Disabling SMS Notifications

To disable SMS notifications for a user, you can remove their phone numbers. You can also mute notifications for a particular conversation (via the REST API) in which case your user won't receive any notifications for that conversation, including SMS'.

A note about SMS pricing & segmentation

SMS notifications are charged per segment. You can limit how many segments a single notification message could be in the Dashboard. Before setting the limit, it's important to understand what SMS segments are.

With the standard SMS encoding, you can only have 140 bytes in a message. A character takes 7 bits to encode and 140 bytes x 8 bits in a byte divided 7 bits means we are limited to 160 characters per segment. This limit means long messages need to be send in multiple parts, or segments, and automatically merged on the phone when they are received. This process happens all the time you send or recieve a long message on your phone.

To be able to merge these segments into one message, each message needs to start with a special header called User Data Header (UDH). This brings down the maximum character limit to 153 for each segment. So if you have a message that's exactly 160 characters, it'll be send as one segment that's 160 characters. If your message is 161 characters, then the message is split into 2 segments, first with 153 characters and second with 8 characters.

This all assumed your messages don't include any unicode characters which are found in languages such as Hindi, Turkish, Arabic, Chinese, Korean, Japanese, or Cyrillic alphabet languages. When your messages include a special character that can't be encoded with GSM, 16-bit UCS-2 encoding is used instead. With UCS-2 encoding, a segment is limited to 70 characters.

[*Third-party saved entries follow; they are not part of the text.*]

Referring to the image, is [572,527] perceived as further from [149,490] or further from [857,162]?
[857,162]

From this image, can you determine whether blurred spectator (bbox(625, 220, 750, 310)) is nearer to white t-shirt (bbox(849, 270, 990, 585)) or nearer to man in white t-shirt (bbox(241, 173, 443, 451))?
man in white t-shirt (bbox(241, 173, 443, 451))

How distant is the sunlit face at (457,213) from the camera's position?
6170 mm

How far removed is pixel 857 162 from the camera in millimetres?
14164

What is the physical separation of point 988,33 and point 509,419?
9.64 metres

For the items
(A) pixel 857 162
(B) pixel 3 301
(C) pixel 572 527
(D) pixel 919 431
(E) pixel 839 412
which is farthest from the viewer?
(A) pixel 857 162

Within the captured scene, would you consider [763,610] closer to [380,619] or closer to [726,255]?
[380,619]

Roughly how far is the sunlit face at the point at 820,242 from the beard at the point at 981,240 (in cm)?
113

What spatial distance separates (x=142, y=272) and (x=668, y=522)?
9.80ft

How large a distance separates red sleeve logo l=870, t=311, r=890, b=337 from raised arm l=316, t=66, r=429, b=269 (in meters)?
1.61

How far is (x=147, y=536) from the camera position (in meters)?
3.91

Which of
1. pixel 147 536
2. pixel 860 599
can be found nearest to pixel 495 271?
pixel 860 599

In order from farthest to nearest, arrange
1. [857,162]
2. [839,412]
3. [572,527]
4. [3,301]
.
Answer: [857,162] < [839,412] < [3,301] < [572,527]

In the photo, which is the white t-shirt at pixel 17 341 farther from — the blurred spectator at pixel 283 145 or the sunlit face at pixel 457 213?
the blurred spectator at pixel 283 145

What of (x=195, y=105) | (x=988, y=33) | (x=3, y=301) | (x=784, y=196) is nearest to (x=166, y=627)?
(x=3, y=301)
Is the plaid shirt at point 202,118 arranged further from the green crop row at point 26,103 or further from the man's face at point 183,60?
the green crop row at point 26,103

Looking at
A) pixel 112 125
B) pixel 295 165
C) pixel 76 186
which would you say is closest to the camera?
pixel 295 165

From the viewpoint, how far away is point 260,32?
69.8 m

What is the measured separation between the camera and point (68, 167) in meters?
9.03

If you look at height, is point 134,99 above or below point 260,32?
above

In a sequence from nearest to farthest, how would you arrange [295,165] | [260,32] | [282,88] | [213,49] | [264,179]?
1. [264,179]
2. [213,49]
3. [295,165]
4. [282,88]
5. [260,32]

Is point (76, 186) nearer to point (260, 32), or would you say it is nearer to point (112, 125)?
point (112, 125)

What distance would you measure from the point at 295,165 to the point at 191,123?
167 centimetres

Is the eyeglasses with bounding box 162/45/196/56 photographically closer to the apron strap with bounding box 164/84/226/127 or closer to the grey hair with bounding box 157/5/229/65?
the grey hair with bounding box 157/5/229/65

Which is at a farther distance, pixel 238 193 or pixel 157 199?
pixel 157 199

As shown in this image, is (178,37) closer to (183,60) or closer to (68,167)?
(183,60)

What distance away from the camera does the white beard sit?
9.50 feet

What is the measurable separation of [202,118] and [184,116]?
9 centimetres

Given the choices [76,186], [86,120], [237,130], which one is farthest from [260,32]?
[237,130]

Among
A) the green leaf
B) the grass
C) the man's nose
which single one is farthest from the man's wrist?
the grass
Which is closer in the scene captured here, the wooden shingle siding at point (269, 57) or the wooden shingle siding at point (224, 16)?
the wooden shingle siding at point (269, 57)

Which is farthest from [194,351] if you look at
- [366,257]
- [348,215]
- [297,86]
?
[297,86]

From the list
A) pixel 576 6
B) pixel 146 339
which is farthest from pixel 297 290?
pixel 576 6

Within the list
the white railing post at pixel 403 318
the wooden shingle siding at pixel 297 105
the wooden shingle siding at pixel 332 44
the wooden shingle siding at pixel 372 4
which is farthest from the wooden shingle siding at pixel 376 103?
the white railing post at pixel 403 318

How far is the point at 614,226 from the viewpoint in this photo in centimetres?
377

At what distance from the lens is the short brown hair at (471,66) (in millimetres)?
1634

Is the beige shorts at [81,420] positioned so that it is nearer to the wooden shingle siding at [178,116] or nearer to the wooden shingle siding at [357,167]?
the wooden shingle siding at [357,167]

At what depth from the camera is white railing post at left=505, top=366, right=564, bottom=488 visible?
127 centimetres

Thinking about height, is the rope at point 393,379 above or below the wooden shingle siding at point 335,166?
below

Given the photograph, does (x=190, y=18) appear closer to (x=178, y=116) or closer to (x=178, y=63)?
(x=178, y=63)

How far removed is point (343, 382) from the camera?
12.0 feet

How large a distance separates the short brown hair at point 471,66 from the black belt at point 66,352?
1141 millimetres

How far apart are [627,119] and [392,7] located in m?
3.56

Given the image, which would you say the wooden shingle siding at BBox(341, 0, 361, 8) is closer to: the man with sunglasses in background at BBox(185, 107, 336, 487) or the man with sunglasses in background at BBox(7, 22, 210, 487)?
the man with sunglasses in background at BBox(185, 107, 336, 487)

Longer messages encoded with UCS-2 are also split into segments of 67 characters, with the difference used for the UDH. Since 70 characters may not be enough for most cases, TalkJS automaticlly doubles the maximum segments you picked for messages with special characters.

You can learn more about message sizes and segmentation on Wikipedia.

Opting Out of Receiving SMS Messages via Reply

In the US and Canada, we support replying via SMS to stop receiving SMS notifications per regulations.

Your users can opt out from SMS notifications by replying to the message with any of the following:

  • ARRET (French)
  • CANCEL
  • END
  • OPT-OUT
  • OPTOUT
  • QUIT
  • REMOVE
  • STOP
  • TD

Once they reply, the number they replied with won't receive any SMS notifications from TalkJS. If the user has more than one phone number, other numbers won't be affected.

In TalkJS Dashboard, we provide a way to easily add a customizable help text to the end of your messages for users in US and Canada.

Linking back to your app

Like email notifications, SMS notifications allow you to link back to your app in a variety of ways. Read how to set this up.

Be aware that some carriers will automatically reject SMS messages that include links, which is something we have no control over. If including links, check that your messages are delivered successfully, and try removing any links if you have issues.